LOS ANGELES (Reuters) - A group of about 50 flightless geese stranded at a California pond became easy prey for foxes and coyotes when drought conditions dried their watery home, but they have been rescued and sent to new homes, organizers of the effort said on Wednesday.
The geese, whose desiccated pond was between an interstate highway and a row of industrial buildings, were in desperate straights in the town of Woodland near Sacramento, said Jennifer Gordon, director of Carolina Waterfowl Rescue.
“Everything that eats meat in the wild was snacking on those geese,” said Gordon, who added that she witnessed a fox preying on the geese on Monday before her group could reach the birds.
“If they were wild birds, they would have flown off and found another pond,” she said.
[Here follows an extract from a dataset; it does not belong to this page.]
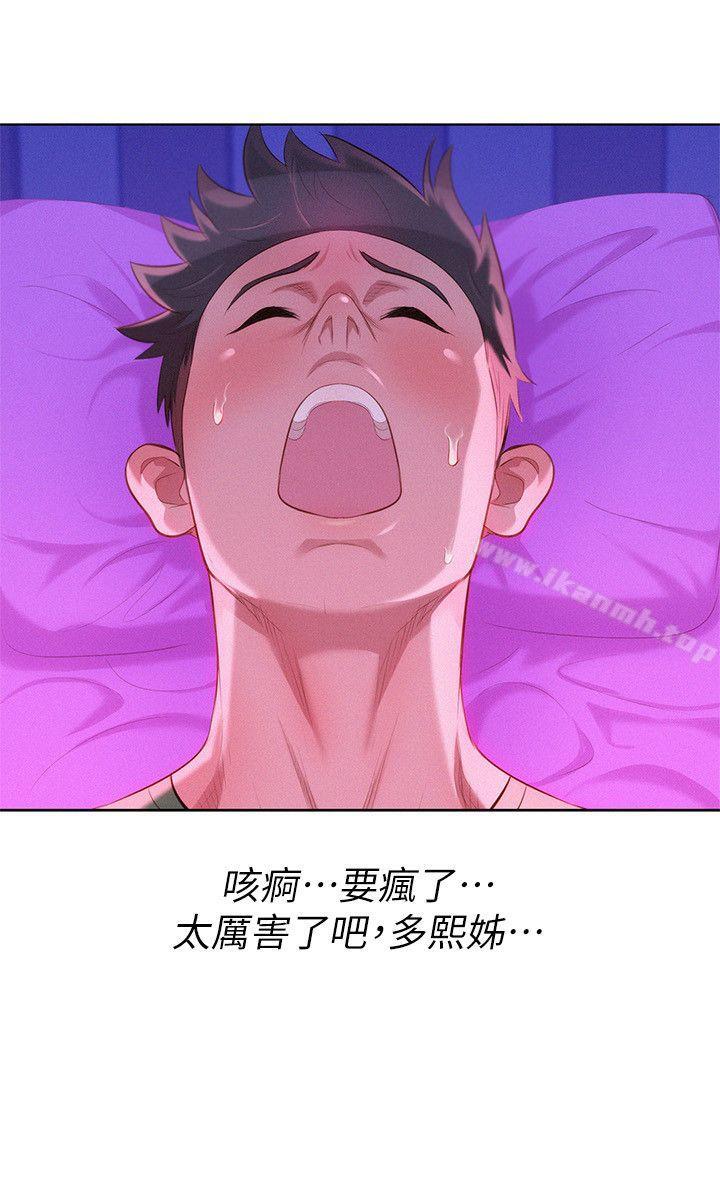 韩国漫画漂亮干姐姐韩漫_漂亮干姐姐-第23话---一次就好在线免费阅读-韩国漫画-第18张图片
A small group of domesticated geese were abandoned at the pond about 20 years ago, and their numbers grew over time through inbreeding, which burdened the animals with some health problems, said Woodland Public Works Director Greg Meyer, whose department was involved in the rescue.
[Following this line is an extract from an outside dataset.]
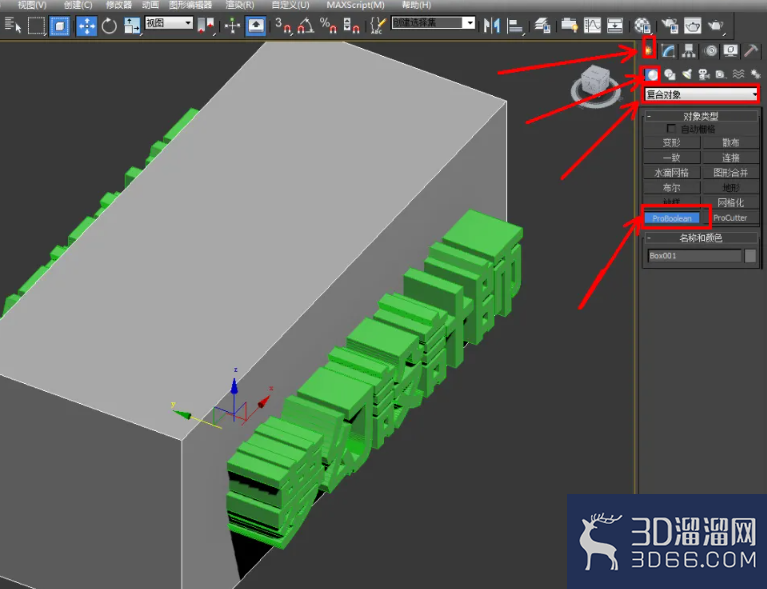 3Dmax怎么制作镂空文字? 3Dmax怎么制作镂空文字?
California’s 3-year-old drought, in addition to robbing the geese of their sanctuary, has dried up lakes and rivers in many parts of the state, as well as heightening the wildfire risk and depleting reservoirs.
In response to the drying of the pond, Gordon and two other members of Charlotte, North Carolina-based Carolina Waterfowl Rescue boarded a flight to California to take part in a rescue operation in the longest trip they have ever undertaken for such a roundup.
On the flight out from North Carolina, they brought along a homemade trap made of PVC pipe and plastic fencing - equipment they normally use to rescue birds, Gordon said.
On Tuesday, the Carolina Waterfowl Rescue members joined a group of about a dozen others to set up the trap and herd the geese into it, Meyer said. Several city workers took part in the roundup.
It only took 15 minutes to round up all the birds, as participants formed a large semicircle and shepherded the geese into an enclosure, Gordon said.
Once the geese were placed in kennels, they were separated into three groups and driven in vans to new homes in Santa Cruz, Orland and Bakersfield, she said.